So now that is the strange kind of marketing that is direct mails and just 15 years ago that was like the standard, right?

Absolutely. But rather than going, “Do you want some direct mail?” We need to go into customers and talk to them about how printing companies are partners who can help people bring more customers on board, let people know about products, help customers and prospects know more about the company because they’ve got a communication channel that’s different, that’s unusual and works. And with the right knowledge that the printing company can bring about how direct mail works for particular companies, that brings a very different conversation to how many pieces of direct mail to you want? So something we’ve moved from commodity to value at that point.

If I should tease you a little bit, I hope that’s okay.

Sure.

I was just wondering, because in my career, also being in selling print for many years, I have been attending a lot of sales training classes and I think that from my perspective, all of them have been good, but then I tend to forget. See, I couldn’t even remember your name. I was just wondering, when you go and do these conferences and you interact with the customers, I guess they probably pay you some money to teach them things that they believe they need, and I’m sure that you’re great at it. But do you think that people can take your tools and turn them into actions and make it operational?

Yeah, absolutely. I wouldn’t do it if people couldn’t do that, so I’m sure you’ve been on sales training where people are kind of giving four page spreadsheets to fill out about prospects.

How you do it, how you make the phone calls, how you script your … I got wiser with age, I’ll tell you.

I’ve also seen ones where people have gone, “Right, here’s your prospect.” You fill out a four or five page spreadsheet about these, and in real life, no one does that, or very rarely. So I don’t teach rocket science, I teach simple strategies that people can use and that they can put into practice the next day.

And I don’t think I’m teaching anything that’s ground-breakingly new, but what I’m doing is I’m framing it for the print industry.

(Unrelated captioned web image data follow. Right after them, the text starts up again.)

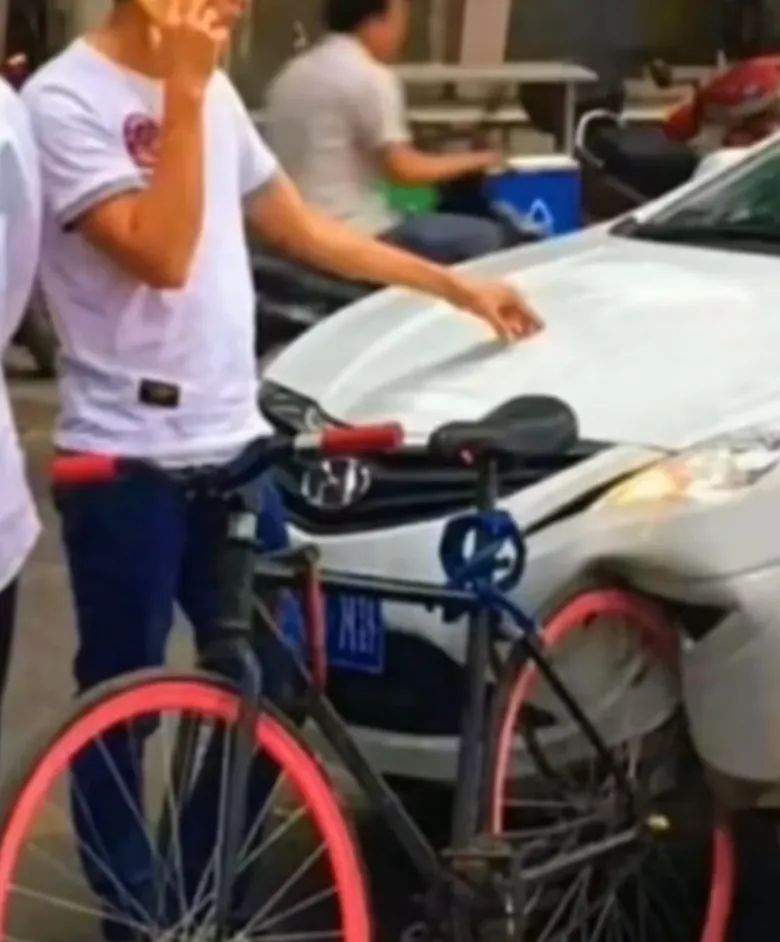 神回复：​当梅西给你签名时笔却没水了，文具店老板是要出意外了。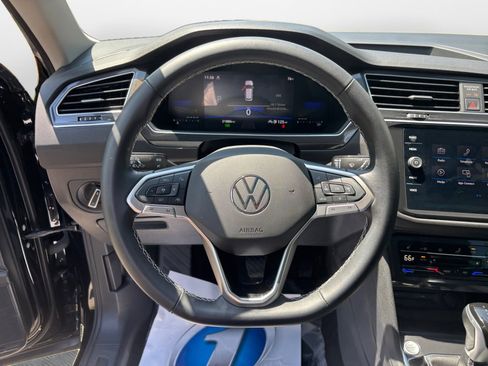 Used 2024 Volkswagen Tiguan SE AWD/4WD image 13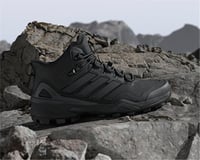 TERREX SKYCHASER MID GTX
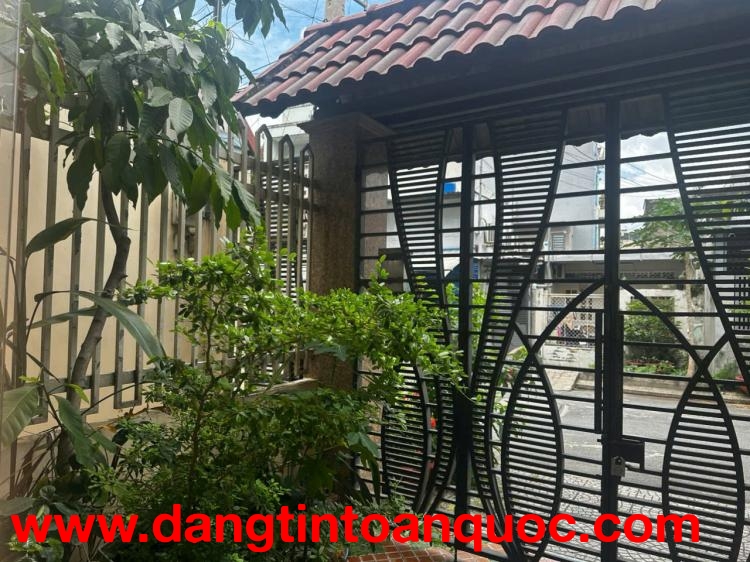 BÁN GẤP NHÀ TRUNG MỸ TÂY, Q.12 – NGANG KHỦNG 6x19M – ĐƯỜNG 8M –7.7 TỶ TL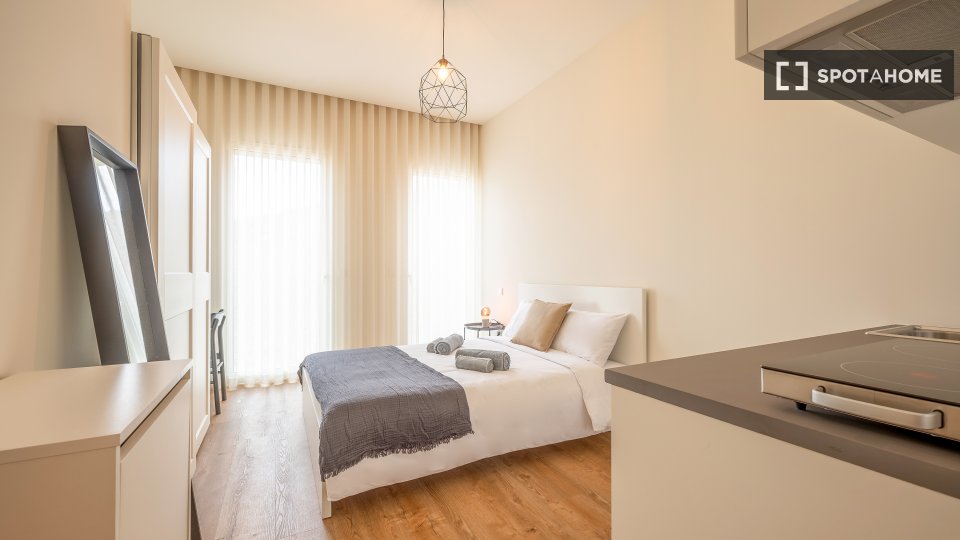 Apartment mono Lisbon, 15m² — photo 8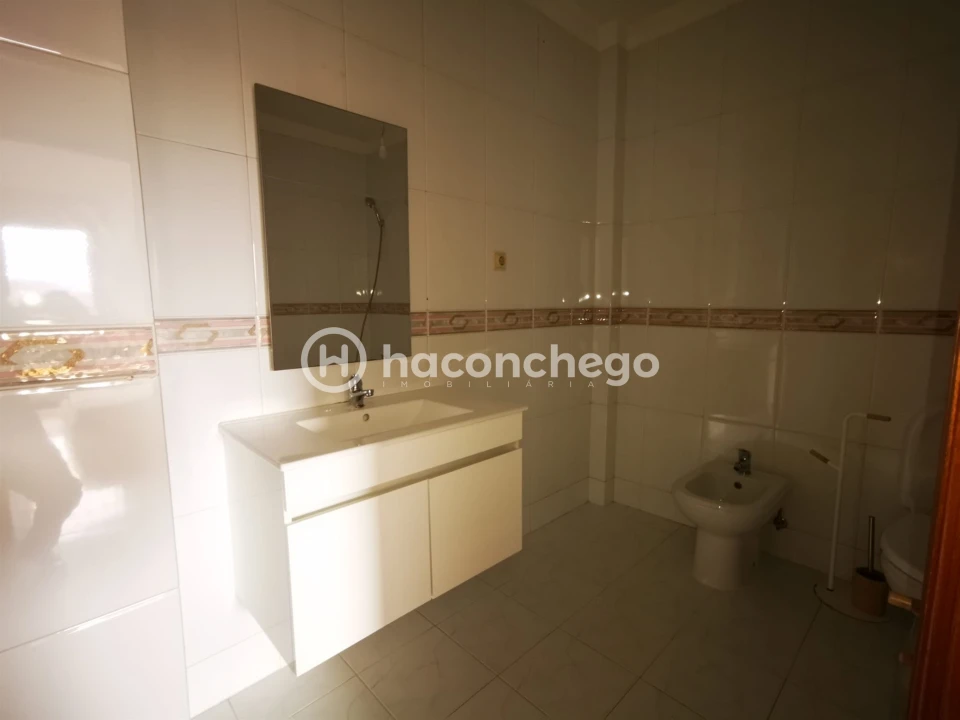 Apartamento T1 para Arrendamento em Arcozelo Foto 16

They’re strategies I’ve used myself for my business, I know they work for other printing companies, I’ve seen people put them into use. T

he key thing is to get people to do it, so I’d say that we get a lot of people that go away and put it into action and there are some people who just go back and start doing what they always did. And if you’re going to go on training, if you’re going to go on learning, then you’ve got to be prepared to go and do something with it afterwards, otherwise there was no point in you doing it. But what I try and do is make sure that people have an action plan after they’ve learned with me, that they know what they’re going to do next.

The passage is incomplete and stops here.